I would also add that we can’t look at education in a silo, that it affects virtually everything else that we do as a state. It’s a huge part of economic development and a big part of the reason why Nevada has struggled when it comes to further diversifying our economy. We need to look at education, workforce development and economic diversity together. These issues can be worked on in parallel and should not be mutually exclusive.

Please briefly describe your political philosophy. What are your guiding principles?

I believe in the smallest government possible, with officials that are honest, have integrity, and understand that their job is to listen and learn from their community and then represent their interests. As a representative, I simply can’t be an expert in every field, so I am loyal to principles and commonsense, not an ideology. I look at every piece of legislation that comes to my desk for a vote and think long and hard about how this is going to impact my constituents and the state.

Many voters are concerned about inflation and its impact. What could be done at the state or national level to address the root causes of inflation or mitigate its impact on the public?

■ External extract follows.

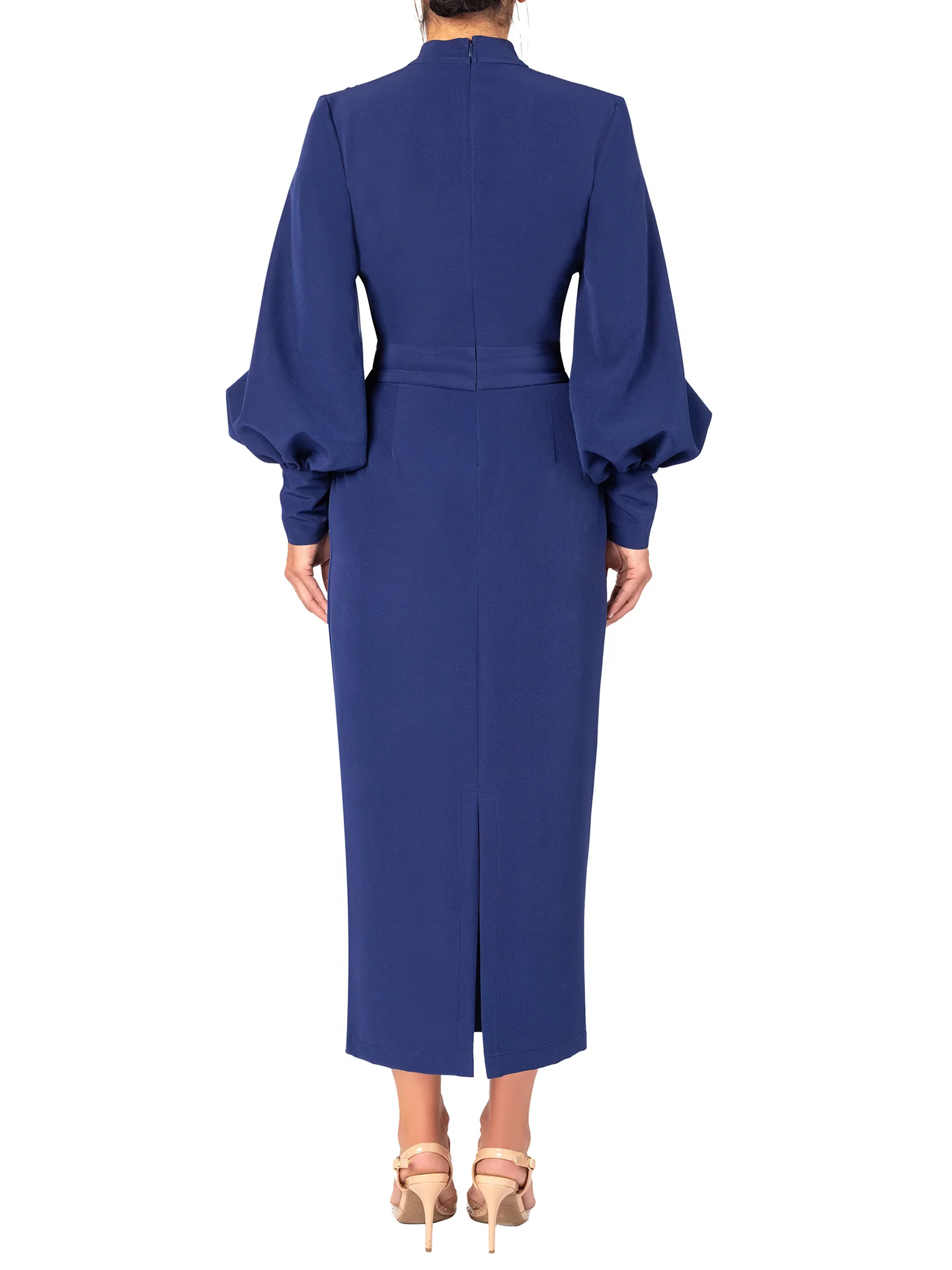 "Chimamanda" Navy Keyhole Midi Dress - Image 5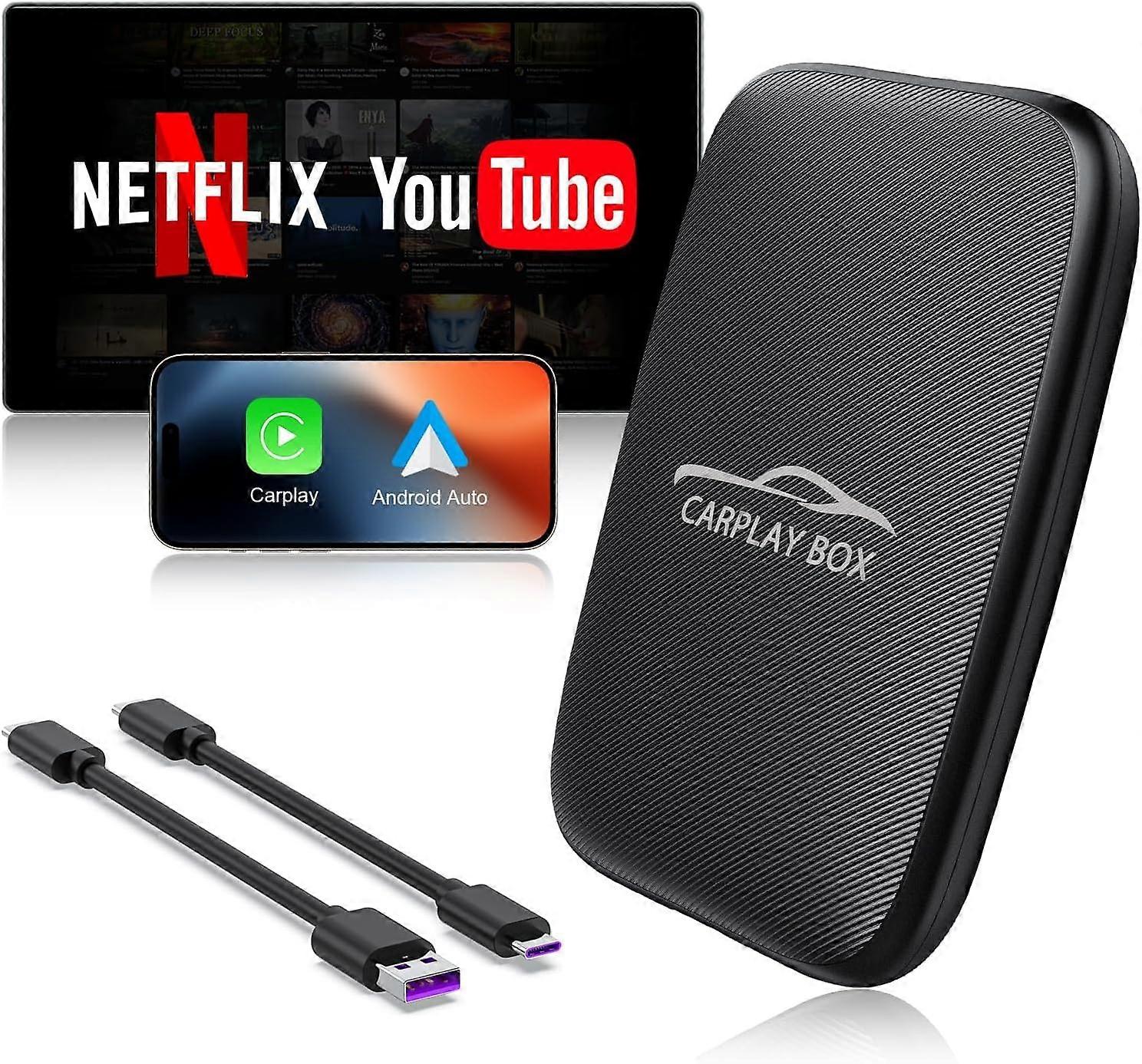 2025 Neuestes Modell 5 in 1 Wireless Carplay Adapter Netflix Youtube, 2025 Android Auto Wireless Adapter und Carplay Video Ai Box Unterstützung TF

I hate to say this but there are a limited number of things that we can do at the state level. On a national level, the federal government needs to stop printing money that pumps trillions of “fake” dollars into the economy for selected industries that are in line with their agenda. The federal government causes inflation because they deficit-spend and then print money to make up the difference. Every dollar printed while we are in a deficit, dilutes the value of every dollar already in circulation and drives inflation. The obvious long-term solution is to quit spending more money than they take in. We are supposed to have a FREE market economy with government involvement limited to keeping the playing field equal for everyone.

At the state level, I will work to combat rising costs however I can. I will fight for low taxes, especially on the broad-based taxes that affect us all. We can look at reforming gas, property, and other local taxes so that Nevadans can keep more of their paychecks. We can reduce regulations to keep the cost down of doing business. Eliminating or minimizing regulations on small businesses will drive economic growth and reduce costs for business owners, workers, and consumers. These are solutions that we, as state representatives can implement to mitigate increasing costs to your families.

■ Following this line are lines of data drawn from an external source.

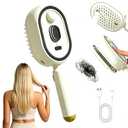 New Electric Mist Air Cushion Massage Brush, 5-in-1 Anti-Tangle Hair Comb for Dry Frizzy Hair, Self-Cleaning Shine Boost Hair Care Brush for Ladies (Beige)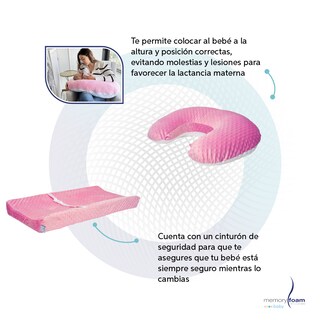 Foto 4 | Foto 4 | Nido Bebé + Cambiador + Almohada Lactancia Rosa + Cobija Gris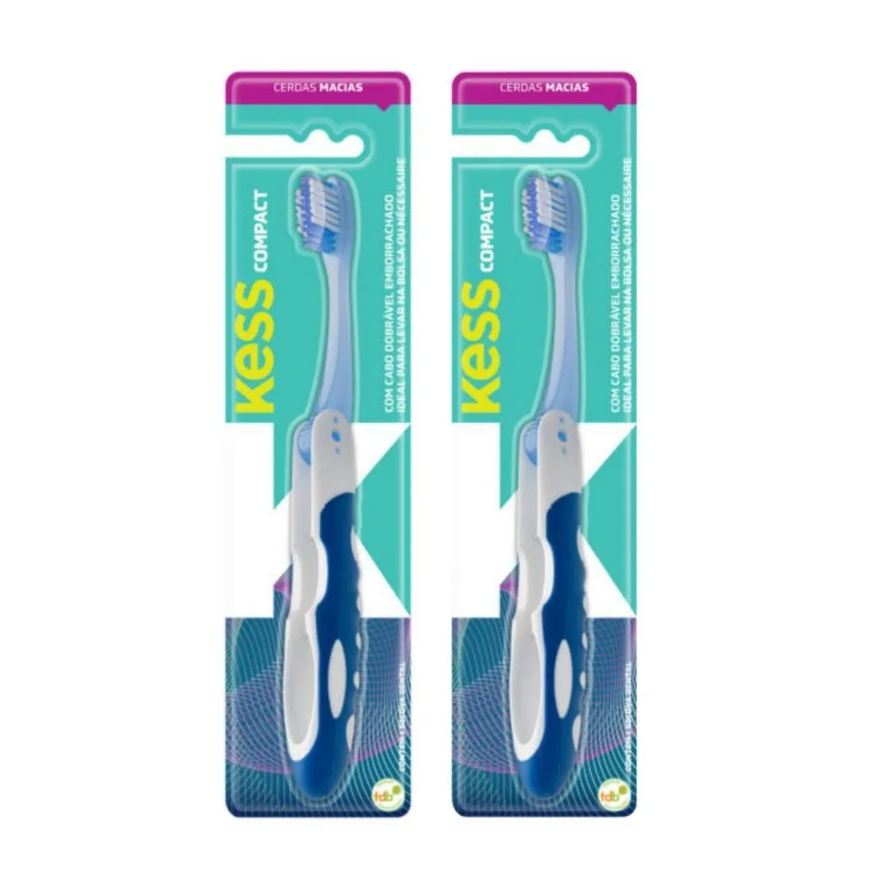 Big Universo Kit Escova Dental Compact Macia Kess Belliz Azul C/2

What would be your top priorities in the Nevada state legislature?

My priorities are largely the same as when I was first elected –

  • - changing and improving our public education system while also allowing families to opt out of it.
  • - public safety and getting a handle on the crime rate that has continued to increase since the last legislative session.
  • - strengthening and diversifying our economy to allow for an atmosphere that brings new industries to the state and creates quality, high paying jobs for all Nevadans.
Who or what are the largest political special interests in Nevada, and which of these do you see as having a positive or negative influence?

The largest special interest groups in Nevada are the various Unions and the Hospitality Industry. I think three of our most important industries in Nevada today are gaming, construction, and healthcare. All three are vitally important to the economic and practical functionality of our state.